Short web captions
++++++++++++++++++++

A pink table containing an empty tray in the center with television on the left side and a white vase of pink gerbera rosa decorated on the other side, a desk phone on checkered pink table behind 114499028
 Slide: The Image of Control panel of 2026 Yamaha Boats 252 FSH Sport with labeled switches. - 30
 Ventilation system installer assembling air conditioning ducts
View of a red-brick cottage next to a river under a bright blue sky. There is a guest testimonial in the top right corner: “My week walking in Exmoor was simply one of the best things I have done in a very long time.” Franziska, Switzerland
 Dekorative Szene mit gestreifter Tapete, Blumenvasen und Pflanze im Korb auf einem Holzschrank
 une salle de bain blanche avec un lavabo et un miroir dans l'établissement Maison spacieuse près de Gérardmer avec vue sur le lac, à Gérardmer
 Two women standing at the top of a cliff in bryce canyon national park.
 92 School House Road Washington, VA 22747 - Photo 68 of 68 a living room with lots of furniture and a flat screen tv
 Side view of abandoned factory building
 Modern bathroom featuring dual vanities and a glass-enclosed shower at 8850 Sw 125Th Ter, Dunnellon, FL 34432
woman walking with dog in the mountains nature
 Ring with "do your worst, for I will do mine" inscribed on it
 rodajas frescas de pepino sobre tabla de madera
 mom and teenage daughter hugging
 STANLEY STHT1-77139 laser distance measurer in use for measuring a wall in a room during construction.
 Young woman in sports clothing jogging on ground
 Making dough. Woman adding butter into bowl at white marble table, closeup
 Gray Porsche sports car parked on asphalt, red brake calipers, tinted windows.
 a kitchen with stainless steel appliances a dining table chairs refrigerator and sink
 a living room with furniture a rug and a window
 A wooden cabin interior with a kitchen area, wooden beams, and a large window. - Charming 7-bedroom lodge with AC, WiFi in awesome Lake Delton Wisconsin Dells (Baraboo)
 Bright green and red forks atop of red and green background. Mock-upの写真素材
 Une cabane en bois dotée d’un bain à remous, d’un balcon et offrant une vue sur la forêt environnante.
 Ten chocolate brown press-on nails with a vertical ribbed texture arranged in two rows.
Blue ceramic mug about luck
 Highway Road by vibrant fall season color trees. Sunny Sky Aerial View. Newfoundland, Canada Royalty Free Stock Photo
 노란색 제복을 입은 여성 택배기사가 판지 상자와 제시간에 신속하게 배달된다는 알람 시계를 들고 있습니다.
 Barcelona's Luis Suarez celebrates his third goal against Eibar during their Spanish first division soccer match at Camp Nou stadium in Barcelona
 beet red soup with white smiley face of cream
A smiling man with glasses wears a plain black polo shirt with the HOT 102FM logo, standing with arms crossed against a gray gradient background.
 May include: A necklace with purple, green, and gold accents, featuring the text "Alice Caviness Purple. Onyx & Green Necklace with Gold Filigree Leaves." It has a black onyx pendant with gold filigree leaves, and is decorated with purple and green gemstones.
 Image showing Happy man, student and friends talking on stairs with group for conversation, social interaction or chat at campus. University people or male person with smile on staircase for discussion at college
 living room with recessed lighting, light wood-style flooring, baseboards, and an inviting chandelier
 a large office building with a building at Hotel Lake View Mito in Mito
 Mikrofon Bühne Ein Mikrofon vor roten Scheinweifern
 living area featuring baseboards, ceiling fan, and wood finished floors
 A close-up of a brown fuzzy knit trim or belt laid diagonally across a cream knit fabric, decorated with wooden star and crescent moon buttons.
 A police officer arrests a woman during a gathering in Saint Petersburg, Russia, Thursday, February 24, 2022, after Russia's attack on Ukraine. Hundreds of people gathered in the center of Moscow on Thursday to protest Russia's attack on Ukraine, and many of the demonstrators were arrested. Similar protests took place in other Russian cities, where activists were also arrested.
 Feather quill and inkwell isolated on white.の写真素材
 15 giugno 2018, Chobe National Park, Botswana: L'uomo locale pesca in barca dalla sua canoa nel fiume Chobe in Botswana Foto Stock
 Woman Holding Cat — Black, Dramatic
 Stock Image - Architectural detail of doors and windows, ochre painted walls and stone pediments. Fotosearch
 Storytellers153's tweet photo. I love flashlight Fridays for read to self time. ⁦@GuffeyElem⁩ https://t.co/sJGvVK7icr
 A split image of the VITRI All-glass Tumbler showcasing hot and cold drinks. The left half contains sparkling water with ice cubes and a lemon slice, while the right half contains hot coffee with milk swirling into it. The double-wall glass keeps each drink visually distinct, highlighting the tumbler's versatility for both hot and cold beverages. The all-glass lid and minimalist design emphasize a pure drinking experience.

++++++++++++++++++++

◆ WHAT TO DO
All lines of the entries containing the string "large" must be shown in full.

◆ EXERCISE RESPONSE
 A wooden cabin interior with a kitchen area, wooden beams, and a large window. - Charming 7-bedroom lodge with AC, WiFi in awesome Lake Delton Wisconsin Dells (Baraboo)
 a large office building with a building at Hotel Lake View Mito in Mito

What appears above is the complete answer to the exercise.